### DATA SHOWN
* * *

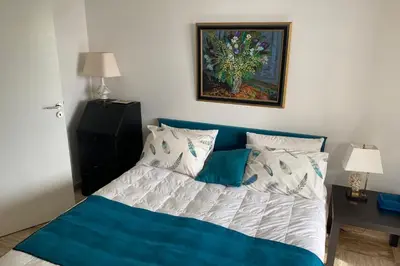 a bedroom with a bed with a blue and white comforter at Sea View & Large Terrace LIVE IN LA VISTA in Cannes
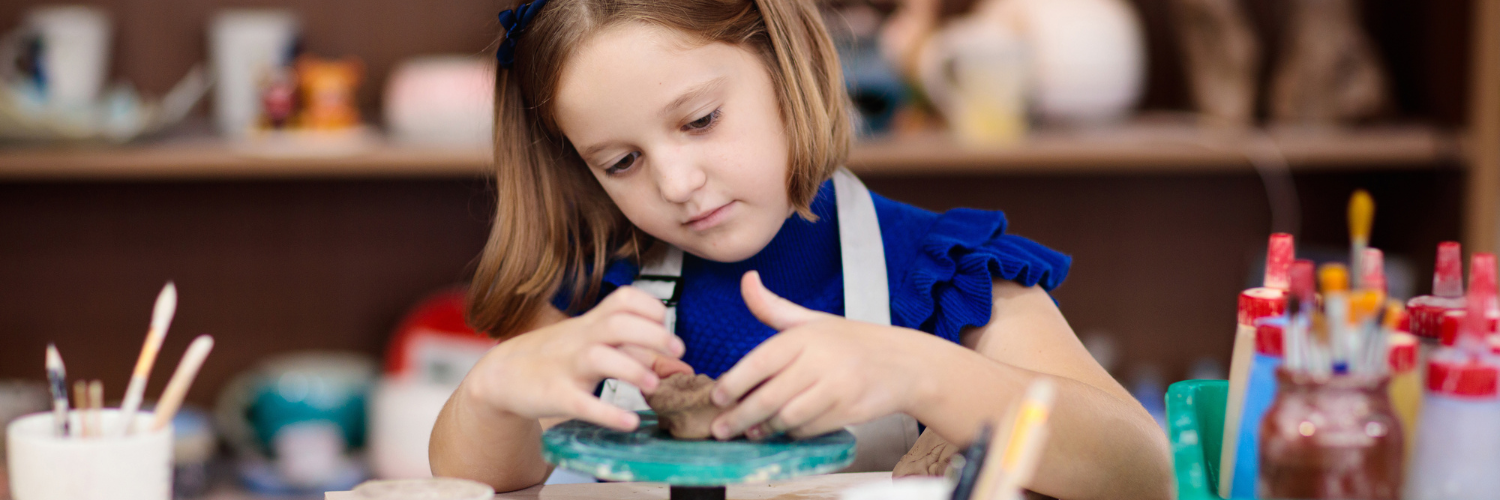 Header image featuring an elementary school-aged girl throwing clay in a classroom. Header for blog on independent schools and effective annual appeals.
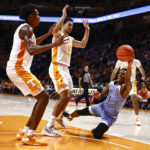 
              McNeese State guard Trae English (1) passes the ball off as he's defended by Tennessee forward Olivier Nkamhoua (13) and forward Julian Phillips during the first half of an NCAA college basketball game Wednesday, Nov. 30, 2022, in Knoxville, Tenn. (AP Photo/Wade Payne)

* * *

### DESCRIPTION OF THE TASK
The data must be printed exactly, image-free.

### WRITTEN REPLY
 a bedroom with a bed with a blue and white comforter at Sea View & Large Terrace LIVE IN LA VISTA in Cannes
 Header image featuring an elementary school-aged girl throwing clay in a classroom. Header for blog on independent schools and effective annual appeals.
              McNeese State guard Trae English (1) passes the ball off as he's defended by Tennessee forward Olivier Nkamhoua (13) and forward Julian Phillips during the first half of an NCAA college basketball game Wednesday, Nov. 30, 2022, in Knoxville, Tenn. (AP Photo/Wade Payne)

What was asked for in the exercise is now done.